These instructions are intended help anyone who is interested in demo'ing the Ghost i18n proof-of-concept (or PoC) that I am throwing together. This PoC is for both the admin panel as well as server-side notifications.
(PS: this is all pre the new Zelda UI changes)
- Clone Ghost from my fork on GitHub
- Switch over to the
i18n-poc
branch (git checkout i18n-poc
) - Run
npm install
to download all node-related dependencies. - Now follow the regular Ghost "developer install from git" instructions. https://github.com/TryGhost/Ghost#developer-install-from-git
- Once you are done with the those instructions, grunt dev` to start Ghost in development mode. Ghost will then be running at http://localhost:2368/ghost/
- Because this is just a proof of concept, the language files are inlcuded as part of the repo (in the real world, this would not be the case)
- Also because this is just a PoC... only a small subset of items have been translated:
- Main navigation in the admin panel
- Settings --> About page (also in the admin panel)
- Initial notifications when you first run the blog (the "Welcome to Ghost" and "Trying to send an email" ones)
- The "Welcome to Ghost" email
- To force another locale, open
/core/client/app/app.js
and change the array on line 18n to only have a single locale of your choice (currently the only ones avilable areen
andes
)
Off the top of my head (without trying the code yet + I can't find en.json) here are two bits of feedback:
This will only make sense for as long as the navigation stays the same and I doubt that will be true in 3 months time. Whilst context-based sections/hierarchy makes sense, I think this likely needs to be broken down into context based sections which aren't tied closely to the navigation.
With regard to development cycles & releases
I think new strings should be submitted to Transifex automatically when a pull request is merged. Only the core team can merge PRs, so this is implicit permission to add new strings to transifex.

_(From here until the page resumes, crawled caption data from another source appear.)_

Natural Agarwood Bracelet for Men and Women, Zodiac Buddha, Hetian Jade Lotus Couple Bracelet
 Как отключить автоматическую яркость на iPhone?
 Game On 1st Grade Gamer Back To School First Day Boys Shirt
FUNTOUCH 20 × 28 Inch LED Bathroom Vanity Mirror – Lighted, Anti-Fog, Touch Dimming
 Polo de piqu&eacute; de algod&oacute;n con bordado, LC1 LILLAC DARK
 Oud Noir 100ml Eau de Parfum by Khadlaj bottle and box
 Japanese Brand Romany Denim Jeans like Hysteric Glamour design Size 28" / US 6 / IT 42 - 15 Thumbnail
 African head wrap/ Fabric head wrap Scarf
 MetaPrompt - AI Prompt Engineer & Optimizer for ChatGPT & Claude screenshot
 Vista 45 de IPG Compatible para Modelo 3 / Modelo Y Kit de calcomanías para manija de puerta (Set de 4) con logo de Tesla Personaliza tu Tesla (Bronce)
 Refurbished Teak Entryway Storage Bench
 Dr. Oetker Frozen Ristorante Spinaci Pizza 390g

After that it will be up to the people translating Ghost to submit translations for the new features quickly. The latest translations should be pulled from transifex as part of the release process and missing translations would not hold up a release. The admin UI needs to be (and is always) designed with flexible string length in mind and those people managing/accepting translations should be mindful of where in the UI a string lives when accepting. In the case that the UI breaks for a particular language because of a long string, that will be treated as either a translation or design bug (depending on the case) and fixed in the next release.
One thing worth noting, is we only expect the standard admin UI to support LTR languages. Other writing systems will likely need far more than just translations, and that's where the concept of a language pack (with design modifications) comes in. However, that's definitely not something for this first iteration of i18n support.